Exercise directions — Transcribe exactly the lines below that begin at the line with "Icon set Corporate professional" and stop after the line with "SmartHomeDB", leaving out every picture.

Data supplied —
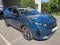preview Peugeot 3008 #1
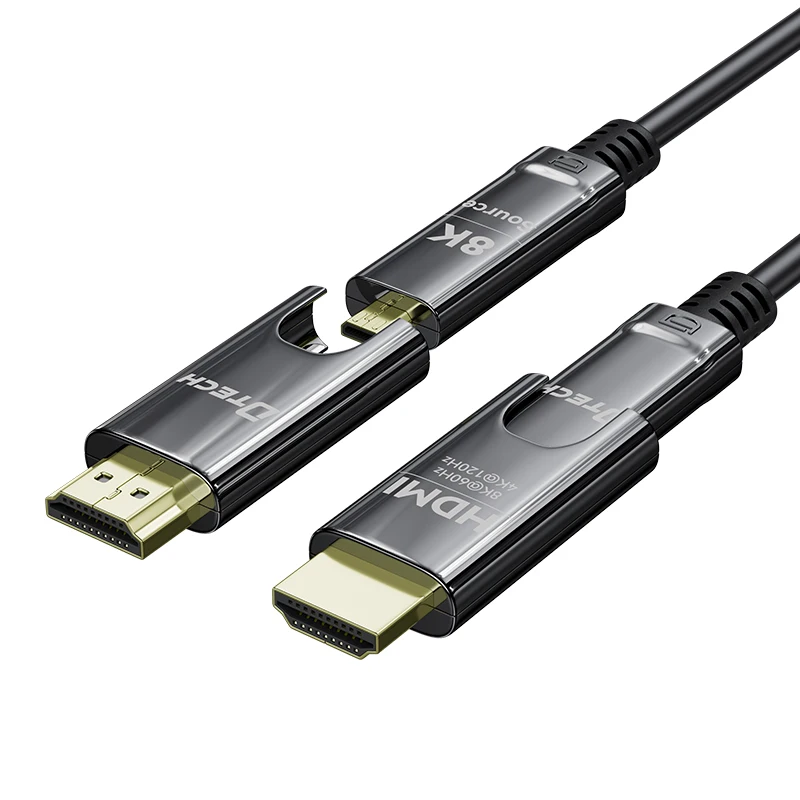 cavo-in-fibra-hdmi-uhd-placcato-oro-ad-altissima-velocita-2160p-1080p-3d-4k-120hz-8k-60hz-cavo-hdmi-21-1m-2m-3m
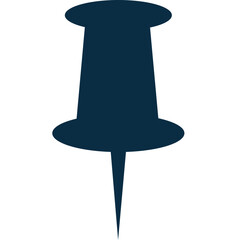 Icon set Corporate professional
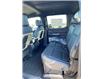 2026 Ford F-150 Lariat (Stk: 26191) in Melfort - Image 12 of 17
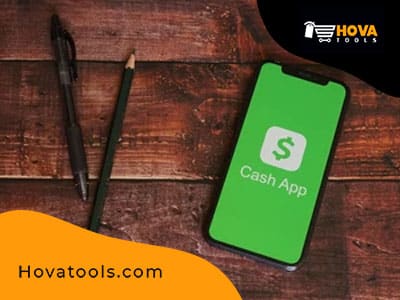 You are currently viewing 7 Steps to Cashapp Cashout – Full TUT for Noobs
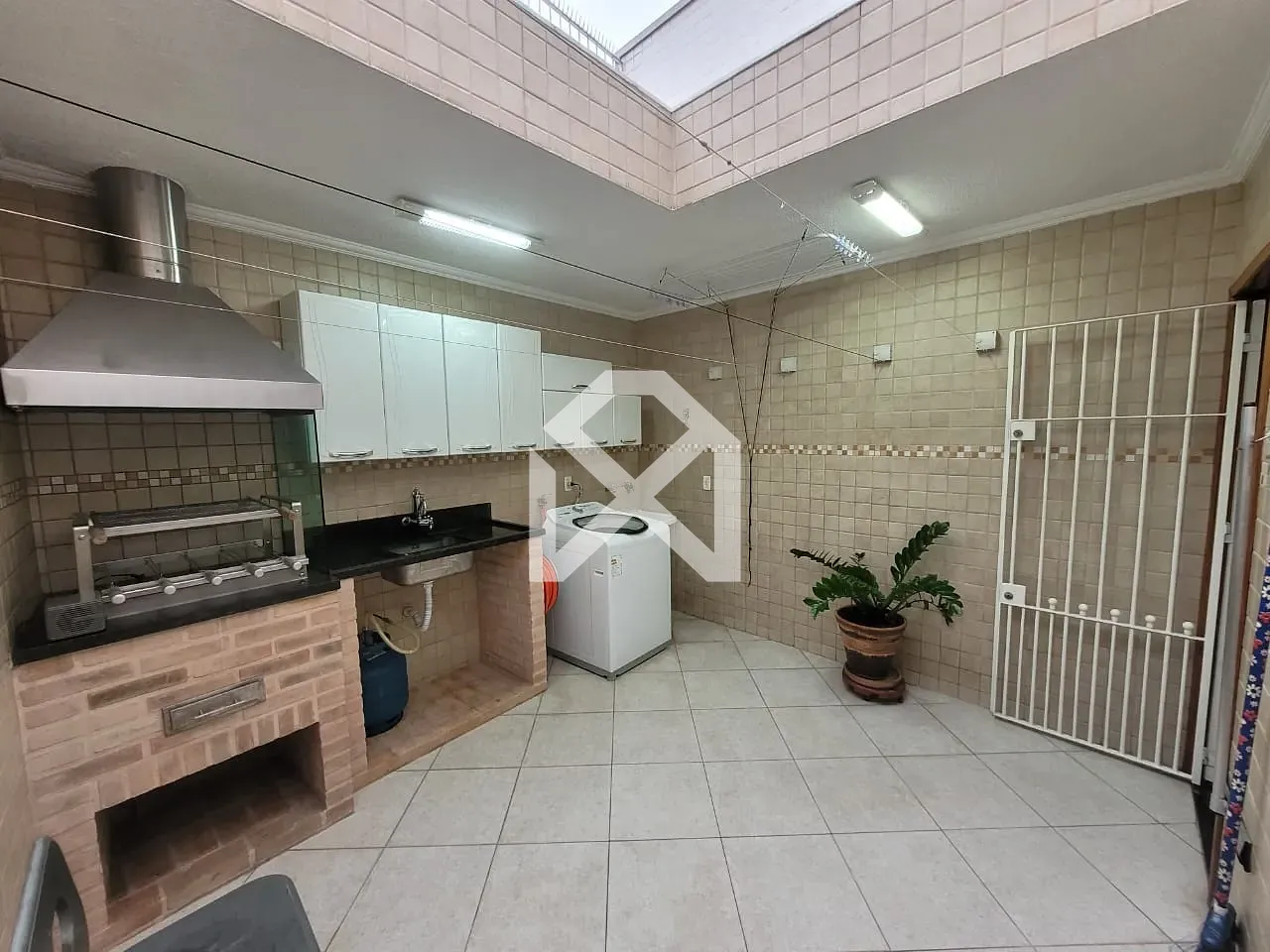 Sobrado, 3 quartos, 141 m² - Foto 12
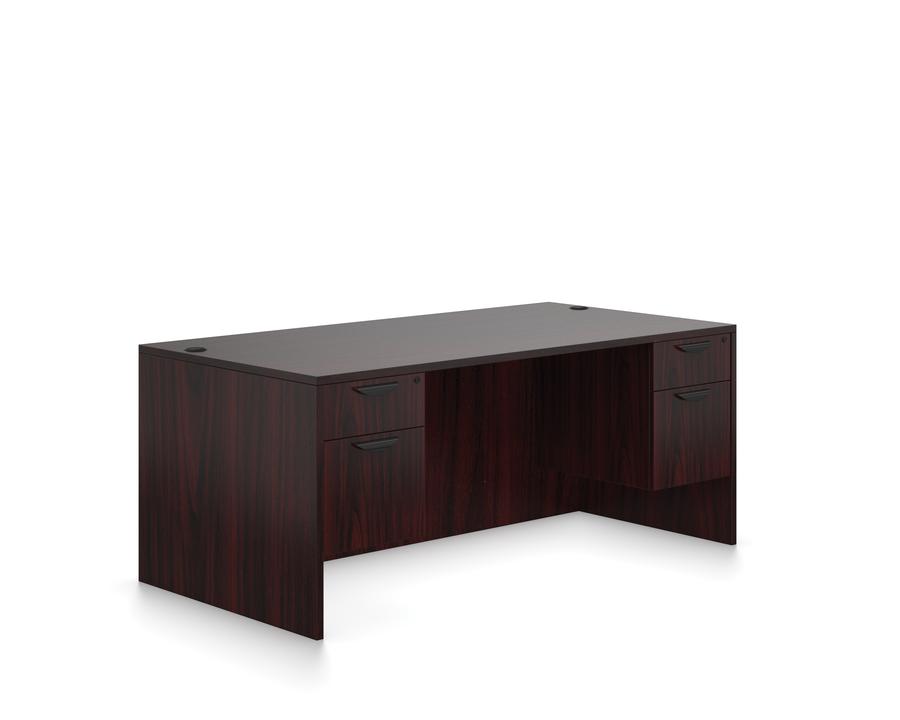 Hanging Pedestals-Office Furniture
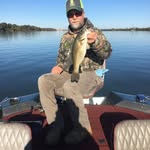 Randy Sain - @rsain_1967 - Instagram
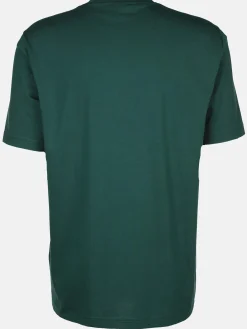 Herren Champion Herren Shirt mit Frontprint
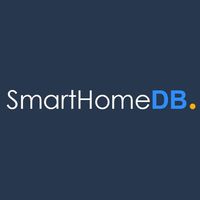 SmartHomeDB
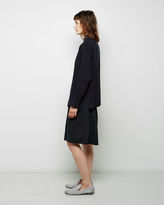 Thumbnail for your product : Marsèll Coltellino Slip-On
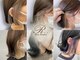 ヘアースタジオ アール(Hair Studio R)の写真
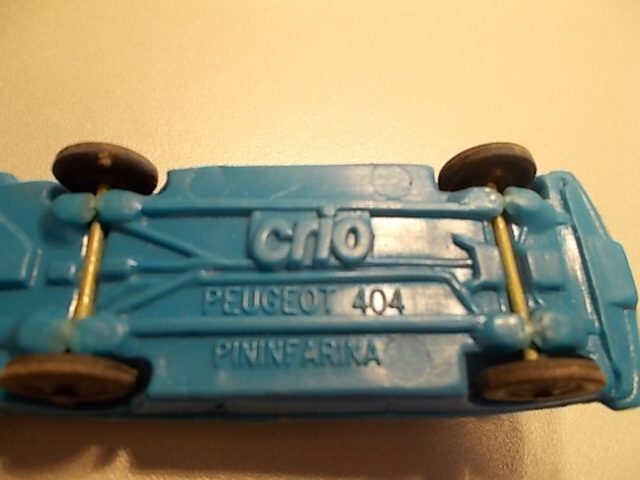 404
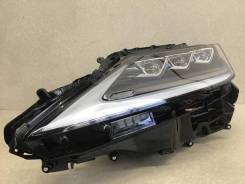 ���� �����, Lexus RX 350 2016> [8118548F70] ����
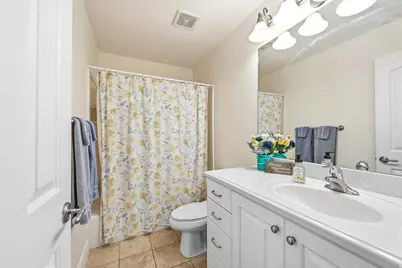 9604 N Apple Ct W, Cedar Hills, UT 84062 - Photo 19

Response to this exercise —
 Icon set Corporate professional
 2026 Ford F-150 Lariat (Stk: 26191) in Melfort - Image 12 of 17
 You are currently viewing 7 Steps to Cashapp Cashout – Full TUT for Noobs
 Sobrado, 3 quartos, 141 m² - Foto 12
 Hanging Pedestals-Office Furniture
 Randy Sain - @rsain_1967 - Instagram
 Herren Champion Herren Shirt mit Frontprint
 SmartHomeDB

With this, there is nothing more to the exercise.